-------- PROVIDED DATA --------

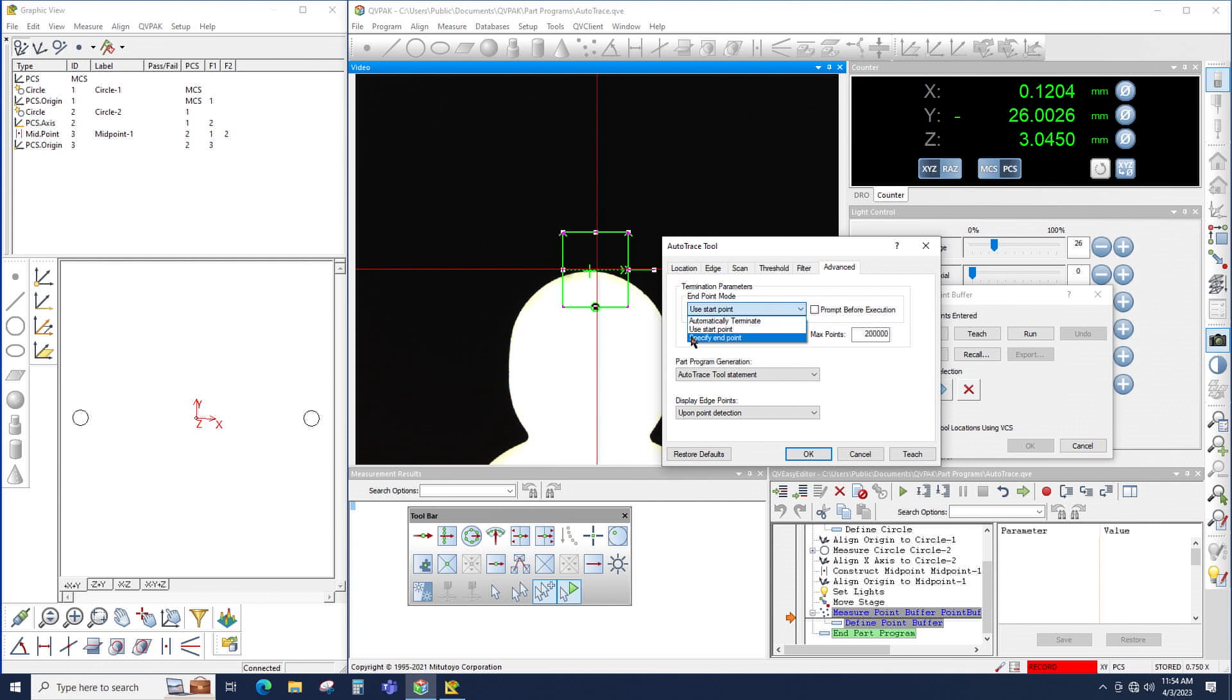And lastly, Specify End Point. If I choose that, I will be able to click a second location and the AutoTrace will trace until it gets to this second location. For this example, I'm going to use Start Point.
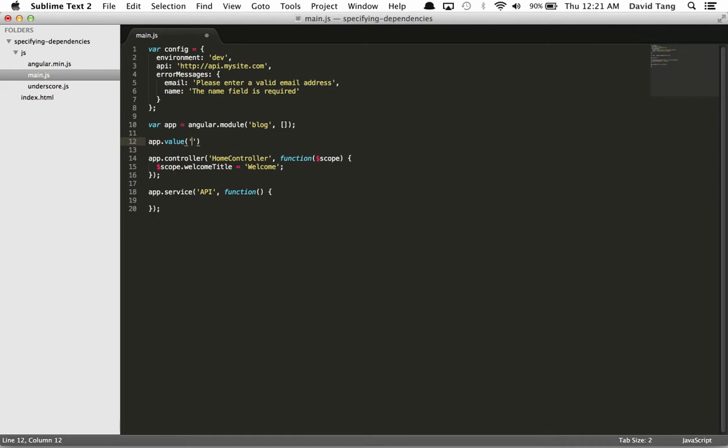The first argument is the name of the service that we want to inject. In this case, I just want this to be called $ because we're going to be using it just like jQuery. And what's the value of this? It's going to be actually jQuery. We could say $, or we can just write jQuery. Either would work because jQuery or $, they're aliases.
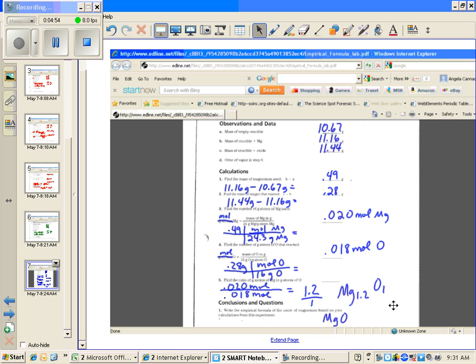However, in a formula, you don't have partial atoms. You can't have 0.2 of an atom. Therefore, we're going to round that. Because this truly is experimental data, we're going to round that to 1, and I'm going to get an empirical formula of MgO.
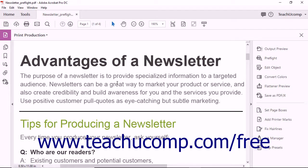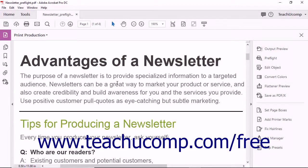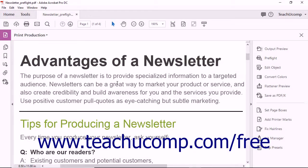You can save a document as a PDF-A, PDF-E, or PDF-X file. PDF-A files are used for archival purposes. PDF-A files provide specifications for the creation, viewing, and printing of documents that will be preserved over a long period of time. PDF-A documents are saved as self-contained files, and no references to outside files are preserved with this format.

--------

#### PROBLEM REQUIREMENTS:
Go through the listing above and quote it exactly, apart from its images.

#### RESPONSE:
And lastly, Specify End Point. If I choose that, I will be able to click a second location and the AutoTrace will trace until it gets to this second location. For this example, I'm going to use Start Point.
The first argument is the name of the service that we want to inject. In this case, I just want this to be called $ because we're going to be using it just like jQuery. And what's the value of this? It's going to be actually jQuery. We could say $, or we can just write jQuery. Either would work because jQuery or $, they're aliases.
However, in a formula, you don't have partial atoms. You can't have 0.2 of an atom. Therefore, we're going to round that. Because this truly is experimental data, we're going to round that to 1, and I'm going to get an empirical formula of MgO.
You can save a document as a PDF-A, PDF-E, or PDF-X file. PDF-A files are used for archival purposes. PDF-A files provide specifications for the creation, viewing, and printing of documents that will be preserved over a long period of time. PDF-A documents are saved as self-contained files, and no references to outside files are preserved with this format.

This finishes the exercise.